Store sensitive configuration securely:

# config/runtime.exs - DO NOT hardcode secrets
import Config

config :ex_zarr,
  max_cache_size: System.get_env("EXZARR_CACHE_SIZE", "1000") |> String.to_integer(),
  enable_telemetry: true

config :ex_aws,
  access_key_id: System.fetch_env!("AWS_ACCESS_KEY_ID"),
  secret_access_key: System.fetch_env!("AWS_SECRET_ACCESS_KEY"),
  region: System.get_env("AWS_REGION", "us-east-1")

# Use tools like:
# - HashiCorp Vault for secret management
# - AWS Secrets Manager
# - Google Secret Manager
# - Azure Key Vault

6. Error Message Security

Avoid leaking sensitive information in error messages:

# BAD - Leaks internal paths
{:error, "Failed to read /internal/secret/path/data.zarr"}

# GOOD - Generic message
{:error, :read_failed}

# For debugging, log detailed errors securely
Logger.debug("Failed to read array", path: path, reason: reason)

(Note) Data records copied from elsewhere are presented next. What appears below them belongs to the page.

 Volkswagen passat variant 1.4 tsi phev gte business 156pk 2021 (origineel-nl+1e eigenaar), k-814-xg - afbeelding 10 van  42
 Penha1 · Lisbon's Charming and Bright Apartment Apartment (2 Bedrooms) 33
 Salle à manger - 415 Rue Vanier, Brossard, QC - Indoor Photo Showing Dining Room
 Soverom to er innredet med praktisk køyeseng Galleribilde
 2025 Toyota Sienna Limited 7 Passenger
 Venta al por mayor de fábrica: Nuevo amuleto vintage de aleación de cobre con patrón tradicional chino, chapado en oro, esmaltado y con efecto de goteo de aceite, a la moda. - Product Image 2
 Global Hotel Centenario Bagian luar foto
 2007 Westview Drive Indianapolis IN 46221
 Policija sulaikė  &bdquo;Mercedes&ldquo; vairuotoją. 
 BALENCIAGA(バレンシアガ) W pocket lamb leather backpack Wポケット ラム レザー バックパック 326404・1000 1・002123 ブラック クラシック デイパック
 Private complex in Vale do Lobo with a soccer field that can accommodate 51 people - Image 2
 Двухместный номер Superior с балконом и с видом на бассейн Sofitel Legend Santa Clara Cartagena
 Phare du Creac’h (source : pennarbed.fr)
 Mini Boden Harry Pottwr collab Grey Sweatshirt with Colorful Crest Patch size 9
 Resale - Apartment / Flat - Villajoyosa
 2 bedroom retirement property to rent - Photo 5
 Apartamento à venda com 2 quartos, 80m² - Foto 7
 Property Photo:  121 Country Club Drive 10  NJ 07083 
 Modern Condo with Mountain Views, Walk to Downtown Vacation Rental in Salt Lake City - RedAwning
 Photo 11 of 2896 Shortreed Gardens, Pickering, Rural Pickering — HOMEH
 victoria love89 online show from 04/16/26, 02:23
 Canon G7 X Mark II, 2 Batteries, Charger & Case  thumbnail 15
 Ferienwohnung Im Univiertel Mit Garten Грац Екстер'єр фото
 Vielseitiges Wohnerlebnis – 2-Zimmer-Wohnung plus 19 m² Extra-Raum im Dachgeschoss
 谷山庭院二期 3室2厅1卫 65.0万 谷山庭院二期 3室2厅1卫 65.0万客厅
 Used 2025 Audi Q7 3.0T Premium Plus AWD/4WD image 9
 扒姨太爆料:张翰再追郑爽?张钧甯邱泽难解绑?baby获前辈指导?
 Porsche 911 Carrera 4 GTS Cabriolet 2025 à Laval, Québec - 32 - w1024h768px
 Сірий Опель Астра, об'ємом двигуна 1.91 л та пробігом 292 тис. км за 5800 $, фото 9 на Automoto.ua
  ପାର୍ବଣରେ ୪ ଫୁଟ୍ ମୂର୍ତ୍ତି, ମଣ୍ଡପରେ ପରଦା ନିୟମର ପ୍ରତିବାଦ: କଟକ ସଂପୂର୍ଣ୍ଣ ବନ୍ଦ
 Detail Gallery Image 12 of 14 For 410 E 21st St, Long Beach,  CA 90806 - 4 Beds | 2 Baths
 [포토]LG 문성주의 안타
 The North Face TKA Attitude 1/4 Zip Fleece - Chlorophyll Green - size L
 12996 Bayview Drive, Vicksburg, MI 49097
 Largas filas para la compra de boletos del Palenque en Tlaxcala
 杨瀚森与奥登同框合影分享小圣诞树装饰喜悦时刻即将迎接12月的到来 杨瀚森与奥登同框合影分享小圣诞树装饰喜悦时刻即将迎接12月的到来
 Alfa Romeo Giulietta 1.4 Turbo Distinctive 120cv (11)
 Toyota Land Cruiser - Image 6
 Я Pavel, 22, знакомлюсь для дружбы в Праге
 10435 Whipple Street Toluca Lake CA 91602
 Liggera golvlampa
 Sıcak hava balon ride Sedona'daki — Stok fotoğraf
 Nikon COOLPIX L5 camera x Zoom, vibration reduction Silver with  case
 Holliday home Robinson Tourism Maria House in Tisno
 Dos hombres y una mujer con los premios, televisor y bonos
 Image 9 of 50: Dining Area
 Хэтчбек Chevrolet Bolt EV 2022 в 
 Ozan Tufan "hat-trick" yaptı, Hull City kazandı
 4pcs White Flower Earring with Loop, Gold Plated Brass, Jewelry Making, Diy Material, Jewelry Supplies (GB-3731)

Known Security Considerations

1. Compression Bomb Protection

ExZarr uses compression for efficiency, but be aware of compression bomb attacks (small compressed data that expands enormously):

# Monitor decompression ratios
defmodule CompressionMonitor do
  def safe_decompress(compressed_data, expected_size) do
    case decompress(compressed_data) do
      {:ok, decompressed} ->
        ratio = byte_size(decompressed) / byte_size(compressed_data)

        if ratio > 1000 do
          Logger.warn("Suspicious compression ratio: #{ratio}")
          {:error, :compression_bomb_suspected}
        else
          {:ok, decompressed}
        end

      error ->
        error
    end
  end
end

2. Symlink Following (Filesystem Backend)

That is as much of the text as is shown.